[rrd-developers] patch/tuning for very large RRD systems (was "Re: SQL Backend request")

Fri May 25 17:46:39 CEST 2007

Hi Val,

On Fri, May 25, 2007 at 03:21:22AM -0700, Val Shiro wrote:
>
> Could you please highlight your RRD structure for 300,000 targets? I
> assume this is mainly ports activity and you have hundreds ports per
> switch or you referring to some other systems (more complicated).
> Also, how many metrics per RRD do you have?

Generally, just two (ds0 and ds1, typically inbound and outbound rates)
since 99.9% of our RRD stuff is gathered with MRTG.

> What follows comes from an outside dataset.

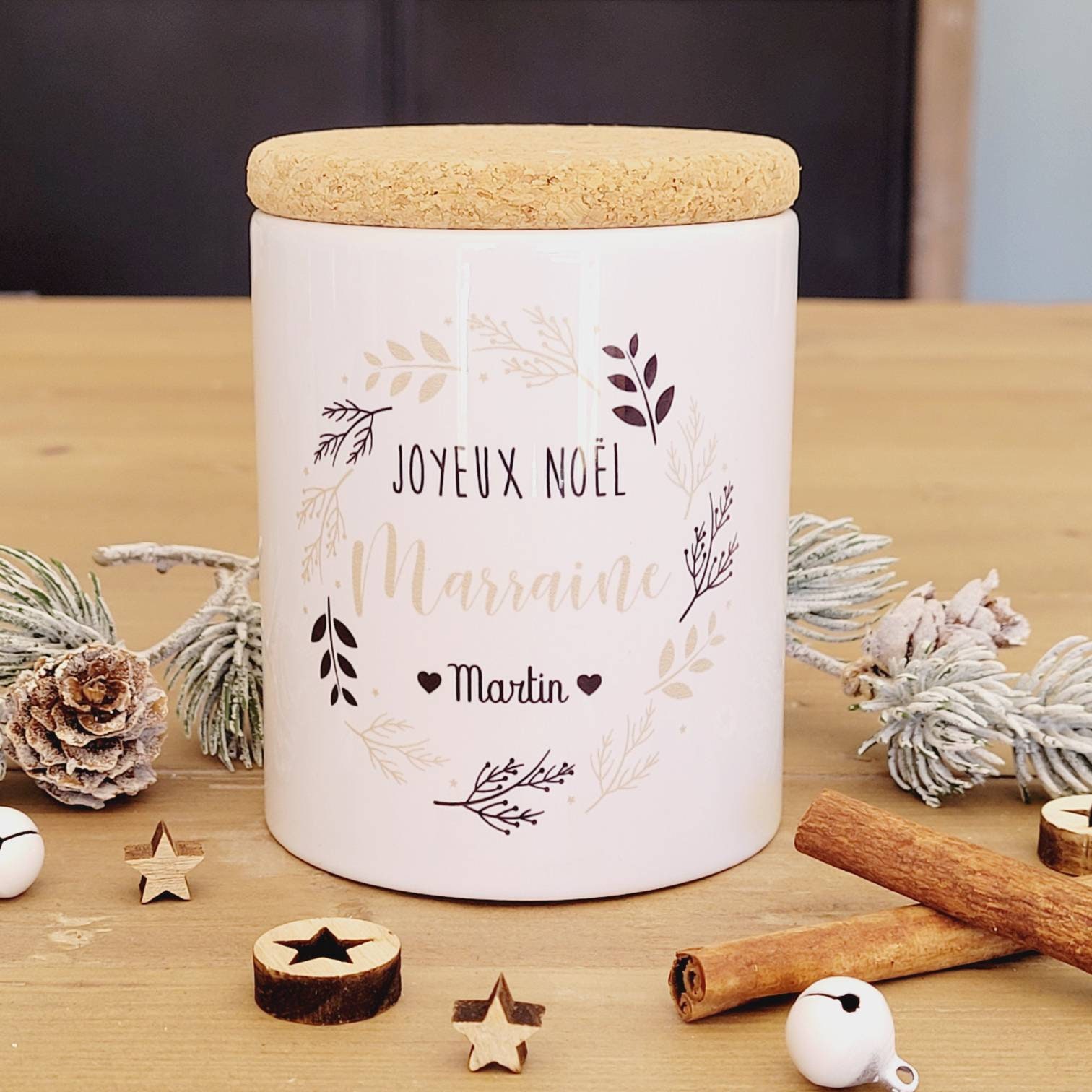 Bougie de Noël Marraine/ Bougie Personnalisé/ Cadeau Cerf Noel/Marraine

Just to be complete: we have some junipoll, and some small custom
collectors running, but those are negligible.

> How many different templates are you using?

Do you mean MRTG cfgmaker templates?  We happen to have 3 (high
capacity interfaces, normal interfaces, and Cisco MSFC interfaces).
This isn't really pertinent to the overall system's performance.
(We only reconfigure once per day.)

> What is physical size of your RRD archive?

We've tested with both with standard MRTG files that are 103KB (8 RRAs:
4 AVERAGE, 4 MAX) and our own production system in which we extend RRA
0 (the five minute averages) up to store 1 year or 5 years of rates,
resulting in RRD files of 1.7MB or 8.2MB respectively.  Over 99%
of them are 1.7MB.

The RRD file size is not particularly pertinent to the performance once
unnecessary readahead is suppressed.  Instead, what is pertinent is
the number of RRD file hot pages/blocks and the fault rate (resulting
from page replacements if necessary (when buffer-cache is scarce)
and from block boundary crossings within RRAs as time passes).
This is determined by the number of RRAs with a given update frequncy
and the size of those RRAs.

> Are you
> split your archive between disks, or all files on same disks and in
> single location.

They're all on a single file-system of about ~750GB in size, on
a logical volume on a RAID-10 of 16 x 2 disks on a fiber-channel
attached SAN (EMC DMX-3).

> I'm doing study on infrastructure with 500,000+
> targets for at least four groups of target systems (UNIX, Linux,
> NT and Network). Because of infrastructure size I'm planning to use
> Z/Linux with SuSe 9.0. Any recommendations?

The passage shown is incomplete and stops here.